30. The method of claim 28, wherein the immunotherapy comprises a PD-1 inhibitor, PD-L1 inhibitor, PD-L2 inhibitor, GITR agonist, OX40 agonist, TIM3 agonist, LAG3 agonist, KIR agonist, CD28 agonist, CD137 agonist, CD27 agonist, CD40 agonist, CD70 agonist, CD276 agonist, ICOS agonist, HVEM agonist, NKG2D agonist, NKG2A agonist, MICA agonist, 2B4 agonist, 41BB agonist, CTLA4 antagonist, PD-1 axis antagonist, TIM3 antagonist, BTLA antagonist, VISTA antagonist, LAG3 antagonist, B7H4 antagonist, CD96 antagonist, TIGIT antagonist, CD226 antagonist or a combination thereof.
31. The method of claim 29, wherein the cytokine agonist or cytokine antagonist is an agonist or antagonist of interferon, IL-2, GMCSF, IL-17E, IL-6, IL-1a, IL-12, TFGB2, IL-15, IL-3, IL-13, IL-2R, IL-21, IL-4R, IL-7, M-CSF, MIF, myostatin, Il-10, Il-24, CEA, IL-11, IL-9, IL-15, IL-2Ra, TNF or a combination thereof.

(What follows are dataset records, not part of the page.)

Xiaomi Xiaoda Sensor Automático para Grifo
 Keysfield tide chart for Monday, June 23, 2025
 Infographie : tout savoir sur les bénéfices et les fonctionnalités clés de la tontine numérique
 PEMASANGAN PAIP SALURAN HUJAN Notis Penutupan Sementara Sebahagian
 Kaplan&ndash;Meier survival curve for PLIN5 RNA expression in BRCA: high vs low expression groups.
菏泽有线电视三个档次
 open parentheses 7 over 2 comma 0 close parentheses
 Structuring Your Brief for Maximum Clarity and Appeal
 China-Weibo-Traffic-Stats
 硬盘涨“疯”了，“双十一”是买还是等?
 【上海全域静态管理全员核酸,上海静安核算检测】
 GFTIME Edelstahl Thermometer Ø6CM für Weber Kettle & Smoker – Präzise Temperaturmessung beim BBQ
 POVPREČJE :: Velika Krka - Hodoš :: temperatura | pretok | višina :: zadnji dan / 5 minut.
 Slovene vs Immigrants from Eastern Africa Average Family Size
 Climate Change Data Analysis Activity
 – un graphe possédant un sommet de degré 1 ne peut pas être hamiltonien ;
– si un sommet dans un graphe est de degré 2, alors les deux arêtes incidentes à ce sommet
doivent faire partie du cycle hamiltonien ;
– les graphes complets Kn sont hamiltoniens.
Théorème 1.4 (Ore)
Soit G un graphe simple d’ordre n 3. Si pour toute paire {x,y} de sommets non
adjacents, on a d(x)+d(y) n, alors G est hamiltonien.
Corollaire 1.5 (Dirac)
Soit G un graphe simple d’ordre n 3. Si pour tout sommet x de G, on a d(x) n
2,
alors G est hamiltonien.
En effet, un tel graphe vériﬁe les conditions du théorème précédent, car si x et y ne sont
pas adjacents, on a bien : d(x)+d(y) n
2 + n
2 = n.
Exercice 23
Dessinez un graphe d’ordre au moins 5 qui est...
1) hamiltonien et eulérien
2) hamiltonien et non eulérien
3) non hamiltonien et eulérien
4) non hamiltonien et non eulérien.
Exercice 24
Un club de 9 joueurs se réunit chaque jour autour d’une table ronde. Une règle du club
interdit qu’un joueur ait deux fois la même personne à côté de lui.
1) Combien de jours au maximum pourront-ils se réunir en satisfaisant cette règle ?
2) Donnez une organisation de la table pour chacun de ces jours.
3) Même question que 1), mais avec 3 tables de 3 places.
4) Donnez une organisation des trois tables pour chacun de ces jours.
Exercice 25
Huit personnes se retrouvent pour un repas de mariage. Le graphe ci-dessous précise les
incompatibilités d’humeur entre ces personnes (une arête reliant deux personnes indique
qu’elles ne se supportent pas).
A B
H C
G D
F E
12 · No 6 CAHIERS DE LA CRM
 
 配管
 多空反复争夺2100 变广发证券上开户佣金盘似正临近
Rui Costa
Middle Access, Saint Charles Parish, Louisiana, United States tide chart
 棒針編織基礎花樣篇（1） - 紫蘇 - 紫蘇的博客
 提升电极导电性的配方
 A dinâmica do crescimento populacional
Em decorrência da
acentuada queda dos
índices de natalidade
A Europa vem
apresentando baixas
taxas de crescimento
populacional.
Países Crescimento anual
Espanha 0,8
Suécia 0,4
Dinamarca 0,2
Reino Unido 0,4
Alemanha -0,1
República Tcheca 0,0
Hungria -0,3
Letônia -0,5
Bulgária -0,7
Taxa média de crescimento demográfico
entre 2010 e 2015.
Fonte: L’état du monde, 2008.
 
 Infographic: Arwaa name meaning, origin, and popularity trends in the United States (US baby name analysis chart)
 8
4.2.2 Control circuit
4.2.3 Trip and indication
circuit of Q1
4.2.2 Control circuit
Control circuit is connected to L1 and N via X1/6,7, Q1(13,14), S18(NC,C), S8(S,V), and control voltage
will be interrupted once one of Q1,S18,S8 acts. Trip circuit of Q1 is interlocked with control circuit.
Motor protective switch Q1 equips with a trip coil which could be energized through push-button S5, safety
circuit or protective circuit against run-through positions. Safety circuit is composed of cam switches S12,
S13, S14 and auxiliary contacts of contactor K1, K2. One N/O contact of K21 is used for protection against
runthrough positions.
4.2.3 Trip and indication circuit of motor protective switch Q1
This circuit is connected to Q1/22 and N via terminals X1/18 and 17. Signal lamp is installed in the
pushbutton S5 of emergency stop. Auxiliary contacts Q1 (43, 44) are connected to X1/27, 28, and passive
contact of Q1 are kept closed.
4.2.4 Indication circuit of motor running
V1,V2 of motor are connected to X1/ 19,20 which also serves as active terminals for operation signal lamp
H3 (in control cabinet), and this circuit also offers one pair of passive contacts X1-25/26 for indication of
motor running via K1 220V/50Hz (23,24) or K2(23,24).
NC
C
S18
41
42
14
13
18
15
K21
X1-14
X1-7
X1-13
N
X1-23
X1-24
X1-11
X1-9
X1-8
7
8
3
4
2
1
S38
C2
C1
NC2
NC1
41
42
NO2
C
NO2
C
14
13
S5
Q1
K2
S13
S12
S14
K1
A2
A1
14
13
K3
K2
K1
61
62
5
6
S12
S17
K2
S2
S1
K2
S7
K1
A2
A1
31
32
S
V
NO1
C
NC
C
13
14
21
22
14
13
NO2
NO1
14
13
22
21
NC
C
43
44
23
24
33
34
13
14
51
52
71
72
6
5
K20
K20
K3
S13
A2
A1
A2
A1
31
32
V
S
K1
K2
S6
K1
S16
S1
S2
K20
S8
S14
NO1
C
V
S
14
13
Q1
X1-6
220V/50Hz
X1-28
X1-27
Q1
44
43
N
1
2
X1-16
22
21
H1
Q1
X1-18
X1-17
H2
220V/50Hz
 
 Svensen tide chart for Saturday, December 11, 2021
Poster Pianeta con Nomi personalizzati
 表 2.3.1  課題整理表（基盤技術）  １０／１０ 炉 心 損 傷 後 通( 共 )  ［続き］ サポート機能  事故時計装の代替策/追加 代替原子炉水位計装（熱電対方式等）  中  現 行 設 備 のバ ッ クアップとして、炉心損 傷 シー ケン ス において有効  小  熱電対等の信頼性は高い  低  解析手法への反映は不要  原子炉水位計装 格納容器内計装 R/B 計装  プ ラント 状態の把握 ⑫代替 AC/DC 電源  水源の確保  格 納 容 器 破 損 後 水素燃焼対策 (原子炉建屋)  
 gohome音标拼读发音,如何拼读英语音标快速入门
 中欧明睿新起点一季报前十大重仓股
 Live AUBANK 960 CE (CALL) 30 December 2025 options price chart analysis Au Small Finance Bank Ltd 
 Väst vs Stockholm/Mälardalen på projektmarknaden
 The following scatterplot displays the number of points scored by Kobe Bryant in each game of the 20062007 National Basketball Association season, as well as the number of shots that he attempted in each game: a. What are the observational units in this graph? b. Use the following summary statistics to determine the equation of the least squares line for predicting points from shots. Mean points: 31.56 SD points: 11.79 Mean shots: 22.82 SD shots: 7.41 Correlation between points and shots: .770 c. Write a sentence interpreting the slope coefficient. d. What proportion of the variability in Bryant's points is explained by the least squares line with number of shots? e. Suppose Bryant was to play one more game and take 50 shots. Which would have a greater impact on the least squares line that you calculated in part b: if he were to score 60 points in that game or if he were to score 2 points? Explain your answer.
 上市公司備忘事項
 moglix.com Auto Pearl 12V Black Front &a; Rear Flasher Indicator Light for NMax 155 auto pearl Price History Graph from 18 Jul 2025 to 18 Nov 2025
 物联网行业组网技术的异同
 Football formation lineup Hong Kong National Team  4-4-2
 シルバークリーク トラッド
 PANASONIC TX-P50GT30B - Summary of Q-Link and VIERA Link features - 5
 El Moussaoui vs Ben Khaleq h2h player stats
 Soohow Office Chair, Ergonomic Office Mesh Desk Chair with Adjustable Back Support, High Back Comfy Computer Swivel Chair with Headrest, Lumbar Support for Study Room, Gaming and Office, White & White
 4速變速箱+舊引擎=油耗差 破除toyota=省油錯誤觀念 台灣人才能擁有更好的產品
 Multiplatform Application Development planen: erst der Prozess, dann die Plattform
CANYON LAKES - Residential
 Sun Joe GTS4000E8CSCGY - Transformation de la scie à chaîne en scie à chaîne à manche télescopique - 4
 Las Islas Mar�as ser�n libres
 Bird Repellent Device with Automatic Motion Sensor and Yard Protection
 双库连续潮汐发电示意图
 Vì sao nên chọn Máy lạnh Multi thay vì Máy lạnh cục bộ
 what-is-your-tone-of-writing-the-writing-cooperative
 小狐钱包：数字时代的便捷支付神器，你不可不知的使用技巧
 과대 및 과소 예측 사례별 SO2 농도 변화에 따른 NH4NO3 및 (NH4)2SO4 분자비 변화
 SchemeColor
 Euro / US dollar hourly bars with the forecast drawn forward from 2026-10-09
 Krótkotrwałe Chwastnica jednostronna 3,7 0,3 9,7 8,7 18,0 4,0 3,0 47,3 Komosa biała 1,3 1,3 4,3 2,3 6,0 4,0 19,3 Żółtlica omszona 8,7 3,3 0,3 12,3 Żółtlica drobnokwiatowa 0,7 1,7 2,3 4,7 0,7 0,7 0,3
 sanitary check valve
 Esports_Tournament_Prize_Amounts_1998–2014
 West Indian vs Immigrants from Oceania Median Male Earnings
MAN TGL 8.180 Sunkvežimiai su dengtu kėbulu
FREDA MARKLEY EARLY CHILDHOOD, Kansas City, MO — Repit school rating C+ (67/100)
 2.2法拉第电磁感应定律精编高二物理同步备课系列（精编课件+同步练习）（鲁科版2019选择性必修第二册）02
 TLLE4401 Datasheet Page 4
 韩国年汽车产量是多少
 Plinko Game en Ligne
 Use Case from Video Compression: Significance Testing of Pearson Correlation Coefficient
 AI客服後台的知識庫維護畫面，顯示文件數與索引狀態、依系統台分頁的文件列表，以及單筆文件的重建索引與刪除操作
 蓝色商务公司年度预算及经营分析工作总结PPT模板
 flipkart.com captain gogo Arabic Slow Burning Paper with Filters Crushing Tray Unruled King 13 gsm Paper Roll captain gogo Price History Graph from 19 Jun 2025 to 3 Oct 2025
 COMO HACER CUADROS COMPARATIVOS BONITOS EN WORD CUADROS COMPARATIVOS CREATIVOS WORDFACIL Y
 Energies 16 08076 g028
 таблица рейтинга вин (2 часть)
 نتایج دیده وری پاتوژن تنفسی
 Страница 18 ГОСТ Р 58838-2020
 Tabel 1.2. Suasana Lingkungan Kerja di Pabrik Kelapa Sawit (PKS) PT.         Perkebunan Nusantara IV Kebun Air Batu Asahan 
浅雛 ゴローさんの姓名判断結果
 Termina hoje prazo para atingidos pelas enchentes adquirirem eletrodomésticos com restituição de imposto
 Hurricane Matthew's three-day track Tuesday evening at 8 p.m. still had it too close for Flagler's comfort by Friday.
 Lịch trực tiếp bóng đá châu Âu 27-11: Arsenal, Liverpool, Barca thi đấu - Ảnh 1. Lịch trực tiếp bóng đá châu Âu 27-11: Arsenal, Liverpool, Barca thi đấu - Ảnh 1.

32. The method of claim 1, wherein the cancer is adrenocortical carcinoma, bladder urothelial carcinoma, breast invasive carcinoma, cervical squamous cell carcinoma, endocervical adenocarcinoma, cholangiocarcinoma, colon adenocarcinoma, lymphoid neoplasm diffuse large B-cell lymphoma, esophageal carcinoma, glioblastoma multiforme, head and neck squamous cell carcinoma, kidney chromophobe, kidney renal clear cell carcinoma, kidney renal papillary cell carcinoma, acute myeloid leukemia, brain lower grade glioma, liver hepatocellular carcinoma, lung adenocarcinoma, lung squamous cell carcinoma, mesothelioma, ovarian serous cystadenocarcinoma, pancreatic adenocarcinoma, pheochromocytoma, paraganglioma, prostate adenocarcinoma, rectum adenocarcinoma, sarcoma, skin cutaneous melanoma, stomach adenocarcinoma, testicular germ cell tumors, thyroid carcinoma, thymoma, uterine carcinosarcoma, uveal melanoma.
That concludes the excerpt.